It’s a family affair.


A lot of wet leisure businesses are family businesses, as ours is. What’s it like being in business with your father, your brother, sister or aunt? What is it like when your boardroom table is also the kitchen table?You might think that a family run business is a smaller business; that it’s just there to give the kids a job, but that’s a long way from the truth. As far as Wikipedia are concerned, to be a family business, family members must continue to be involved in the management of the company. The family must hold at least 50% of the shares in private companies and at least 32% in public companies.

On that list are: Walmart. Ford. Nike. Mars. Porsche and BMW and an awful lot more billion-dollar companies that you have never heard of. (You can see where the idea of ‘Succession’ came from, can’t you.)

So family businesses are serious businesses but they also have their own unique set of challenges and opportunities.

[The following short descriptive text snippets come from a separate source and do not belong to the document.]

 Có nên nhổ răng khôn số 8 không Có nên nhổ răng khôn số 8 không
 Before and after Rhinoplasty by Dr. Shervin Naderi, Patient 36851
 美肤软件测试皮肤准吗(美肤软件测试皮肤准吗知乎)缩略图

45 years ago, Dad and I built the pool that built Golden Coast.

We built it because my two brothers and I loved swimming and we built it so that we could lark about and have fun. Innovative and creative even then, that first pool had a DIY solar heating system made from black Alkathene pipe rolled up like a giant liquorice coil on the roof of the plant room. Before long we were building pools for our friends and neighbours.

Just twenty years later I was sat in my parents’ garden with my brothers, a cup of tea in hand and enduring of all things, an interview for a job at GC. My father, who has never been a fan of nepotism, wanted to make sure that we all understood the pitfalls of getting involved in a family business, particularly one with five strong willed characters each with their own portfolio of strengths and weaknesses.

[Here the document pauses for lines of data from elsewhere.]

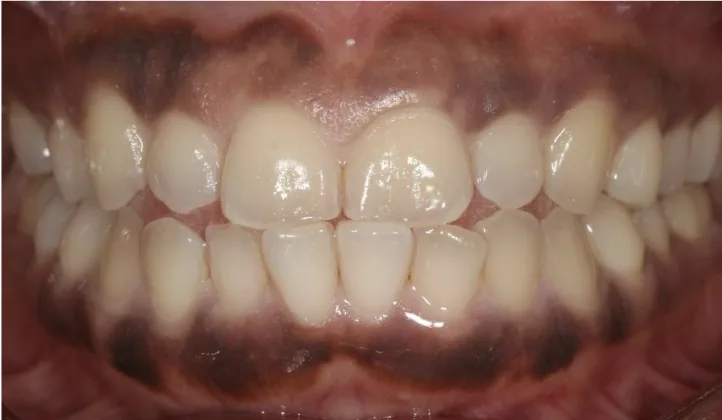 Before: Laser gum depigmentation to even out darker gum colour.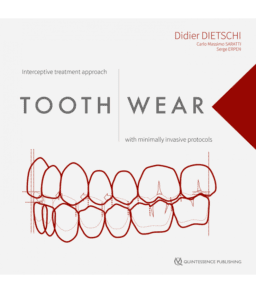 TOOTH WEAR INTERCEPTIVE TREATMENT APPROACH WITH MINIMALLY INVASIVE PROTOCOLS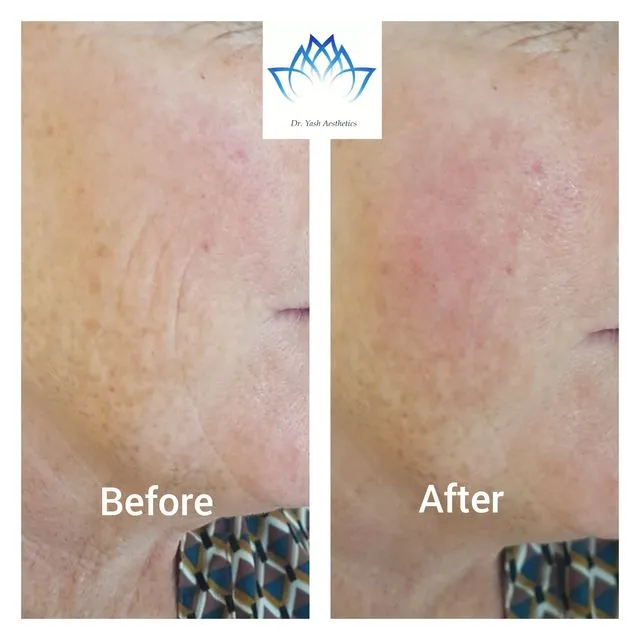 Before and after aesthetic treatment result 13 Dr Yash Aesthetics Colchester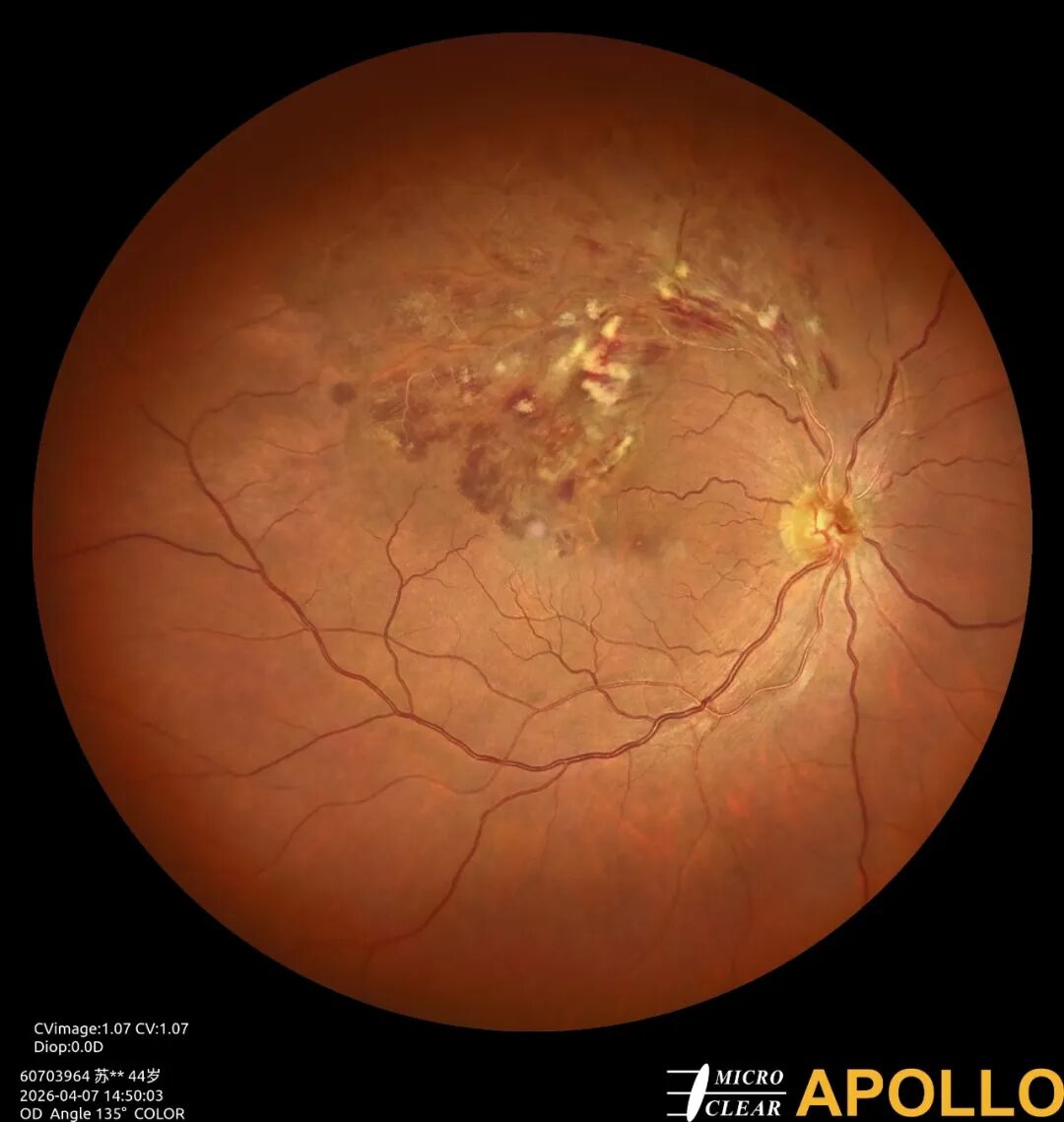 彩色眼底照相查什么眼底“侦察兵”上线！平湖一院眼科新增广角眼底激光相机_https://www.jmylbn.com_新闻资讯_第11张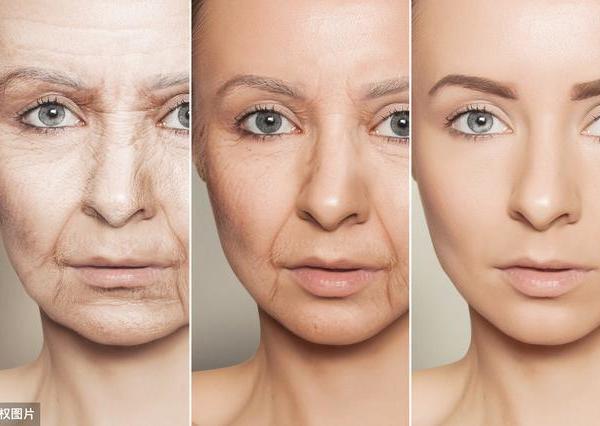 有了法令纹，到底该填充还是提拉？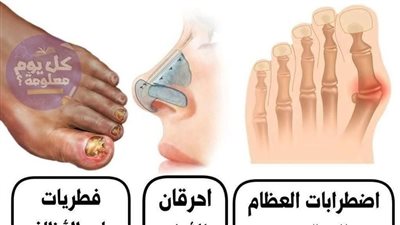 النقرس و فطريات الاظافر 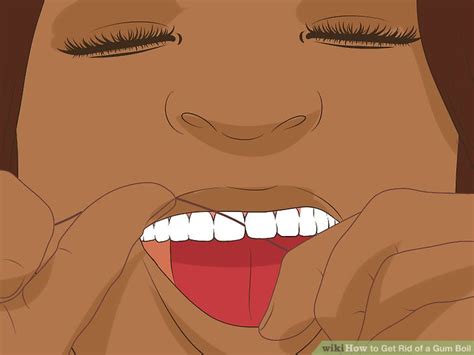 How to Get Rid of a Gum Boil: 10 Steps (with Pictures) - wikiHow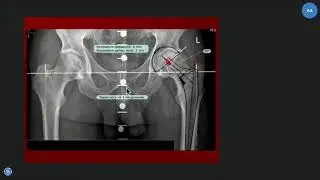 Преимущества и новые возможности TraumaCad в практике диагностической службы ортопедической клиники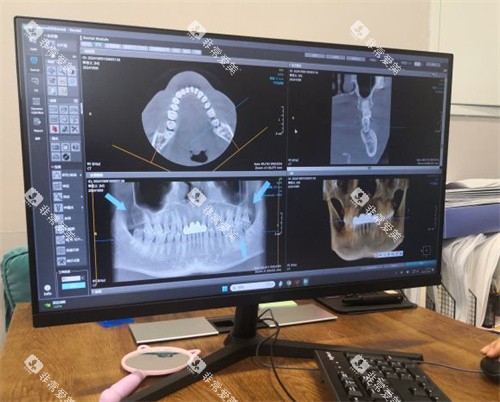 北京牙元素口腔牙齿拍片室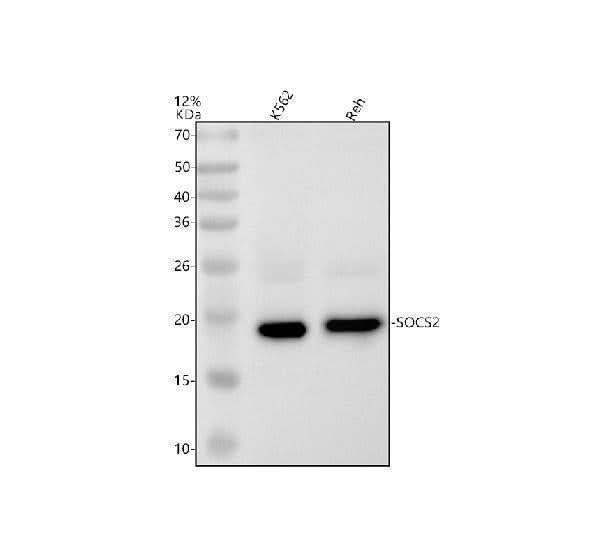 Anti-SOCS2 Rabbit Monoclonal Antibody Boster Bio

Three jobs for three brothers.

As with any business run by a family, there’s a strong chance that brothers and sisters will soon become consumed by competitiveness if you don’t get the structure right. Dad saw that each of his sons needed a specific area of responsibility where they could grow personally while working towards a common goal.

With design playing a major part in my later education and working previously as an operations manager with another industry distributor for 14 years, I covered marketing and operations while Shaun and Dominic divided up our various product ranges and looked after their respective sales.

We carried on this way until 2006 when we began to realise that Dad was taking more and more time off. We asked him if he had considered retiring and almost on the spot he announced that he was intending to do just that by the end of the following month.

Plan for succession.

We had no succession plan in place; we hadn’t even talked about it. Dad asked us all if we would like the position of MD and two hands went up. A couple of weeks later David Adams retired as Managing Director and took on the role of Chairman. I became MD.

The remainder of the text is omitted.